** Input **

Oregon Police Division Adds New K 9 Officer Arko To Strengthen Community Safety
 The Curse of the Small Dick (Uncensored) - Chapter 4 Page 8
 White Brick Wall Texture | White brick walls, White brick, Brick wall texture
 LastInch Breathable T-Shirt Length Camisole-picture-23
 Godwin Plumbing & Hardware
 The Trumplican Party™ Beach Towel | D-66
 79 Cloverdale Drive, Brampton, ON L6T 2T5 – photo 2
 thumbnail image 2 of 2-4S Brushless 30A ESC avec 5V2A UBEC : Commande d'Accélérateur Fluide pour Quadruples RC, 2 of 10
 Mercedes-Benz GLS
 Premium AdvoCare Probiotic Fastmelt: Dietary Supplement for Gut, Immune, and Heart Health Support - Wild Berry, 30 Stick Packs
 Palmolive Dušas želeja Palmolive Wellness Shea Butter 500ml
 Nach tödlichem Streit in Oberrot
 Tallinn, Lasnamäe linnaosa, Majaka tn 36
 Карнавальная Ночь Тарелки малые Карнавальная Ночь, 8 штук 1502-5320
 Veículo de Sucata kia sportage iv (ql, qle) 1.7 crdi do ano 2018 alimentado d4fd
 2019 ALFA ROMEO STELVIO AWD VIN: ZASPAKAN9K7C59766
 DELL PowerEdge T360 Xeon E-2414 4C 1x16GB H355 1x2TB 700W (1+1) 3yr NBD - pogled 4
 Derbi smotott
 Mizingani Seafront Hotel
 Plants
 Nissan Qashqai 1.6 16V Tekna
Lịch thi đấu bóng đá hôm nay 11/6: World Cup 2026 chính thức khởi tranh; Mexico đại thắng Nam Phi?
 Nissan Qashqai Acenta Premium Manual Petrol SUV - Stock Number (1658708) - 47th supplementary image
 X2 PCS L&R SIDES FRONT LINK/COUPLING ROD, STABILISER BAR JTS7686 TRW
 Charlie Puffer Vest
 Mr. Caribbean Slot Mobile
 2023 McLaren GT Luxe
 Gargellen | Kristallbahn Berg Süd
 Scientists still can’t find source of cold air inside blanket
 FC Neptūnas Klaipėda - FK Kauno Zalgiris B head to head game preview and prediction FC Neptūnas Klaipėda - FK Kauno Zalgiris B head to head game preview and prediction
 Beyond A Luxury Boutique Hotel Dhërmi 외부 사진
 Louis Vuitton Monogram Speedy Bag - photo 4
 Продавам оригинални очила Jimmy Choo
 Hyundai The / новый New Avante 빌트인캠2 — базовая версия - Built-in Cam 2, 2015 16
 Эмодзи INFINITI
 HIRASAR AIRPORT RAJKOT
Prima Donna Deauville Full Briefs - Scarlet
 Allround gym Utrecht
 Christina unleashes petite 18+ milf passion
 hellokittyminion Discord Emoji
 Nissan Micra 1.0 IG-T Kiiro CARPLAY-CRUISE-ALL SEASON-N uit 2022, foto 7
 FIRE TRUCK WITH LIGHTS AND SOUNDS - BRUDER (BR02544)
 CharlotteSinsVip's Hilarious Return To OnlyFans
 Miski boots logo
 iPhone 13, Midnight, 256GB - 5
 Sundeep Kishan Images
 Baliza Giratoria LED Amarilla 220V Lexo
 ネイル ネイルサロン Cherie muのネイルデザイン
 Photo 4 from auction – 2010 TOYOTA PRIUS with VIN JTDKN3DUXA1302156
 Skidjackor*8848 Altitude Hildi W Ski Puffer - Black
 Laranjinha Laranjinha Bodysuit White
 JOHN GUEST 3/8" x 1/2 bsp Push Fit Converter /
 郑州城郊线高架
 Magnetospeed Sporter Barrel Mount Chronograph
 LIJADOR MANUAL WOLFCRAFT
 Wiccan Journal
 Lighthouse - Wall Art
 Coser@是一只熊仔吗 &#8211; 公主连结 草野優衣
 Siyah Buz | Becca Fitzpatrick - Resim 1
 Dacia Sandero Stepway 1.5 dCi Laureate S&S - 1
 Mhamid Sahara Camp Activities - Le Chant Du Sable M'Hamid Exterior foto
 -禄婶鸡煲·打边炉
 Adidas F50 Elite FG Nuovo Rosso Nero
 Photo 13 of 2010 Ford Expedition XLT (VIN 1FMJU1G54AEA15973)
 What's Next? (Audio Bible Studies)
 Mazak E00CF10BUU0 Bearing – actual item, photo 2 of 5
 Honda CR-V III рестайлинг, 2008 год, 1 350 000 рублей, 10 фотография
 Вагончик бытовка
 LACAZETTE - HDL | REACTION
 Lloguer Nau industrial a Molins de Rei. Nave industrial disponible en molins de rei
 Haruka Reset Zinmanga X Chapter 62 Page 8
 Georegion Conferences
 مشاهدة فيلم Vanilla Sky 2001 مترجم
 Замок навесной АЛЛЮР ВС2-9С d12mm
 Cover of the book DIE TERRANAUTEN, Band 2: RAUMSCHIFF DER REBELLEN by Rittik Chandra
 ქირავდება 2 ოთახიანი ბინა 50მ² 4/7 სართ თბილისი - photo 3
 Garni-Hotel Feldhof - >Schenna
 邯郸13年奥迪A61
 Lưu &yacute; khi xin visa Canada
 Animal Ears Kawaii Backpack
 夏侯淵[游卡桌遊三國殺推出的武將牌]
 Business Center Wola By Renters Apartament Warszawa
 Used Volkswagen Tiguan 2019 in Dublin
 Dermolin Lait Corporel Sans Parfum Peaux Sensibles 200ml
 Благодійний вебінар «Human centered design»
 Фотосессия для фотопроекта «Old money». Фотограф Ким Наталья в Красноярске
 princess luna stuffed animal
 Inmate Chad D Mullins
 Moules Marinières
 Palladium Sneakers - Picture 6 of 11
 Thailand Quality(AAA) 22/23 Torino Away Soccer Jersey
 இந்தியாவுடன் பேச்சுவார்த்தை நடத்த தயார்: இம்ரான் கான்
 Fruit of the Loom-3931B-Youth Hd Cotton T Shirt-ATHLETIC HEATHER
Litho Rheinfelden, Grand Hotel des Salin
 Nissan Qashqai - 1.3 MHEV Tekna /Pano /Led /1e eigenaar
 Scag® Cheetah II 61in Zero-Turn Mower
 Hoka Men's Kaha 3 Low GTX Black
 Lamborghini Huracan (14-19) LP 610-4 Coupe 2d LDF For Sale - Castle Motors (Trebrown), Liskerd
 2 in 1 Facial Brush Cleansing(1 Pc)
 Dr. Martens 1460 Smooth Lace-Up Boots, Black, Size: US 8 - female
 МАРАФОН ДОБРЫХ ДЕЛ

** Your objective **
Extract every line above containing the word "Puffer".

** Response to the task **
 Charlie Puffer Vest
 Skidjackor*8848 Altitude Hildi W Ski Puffer - Black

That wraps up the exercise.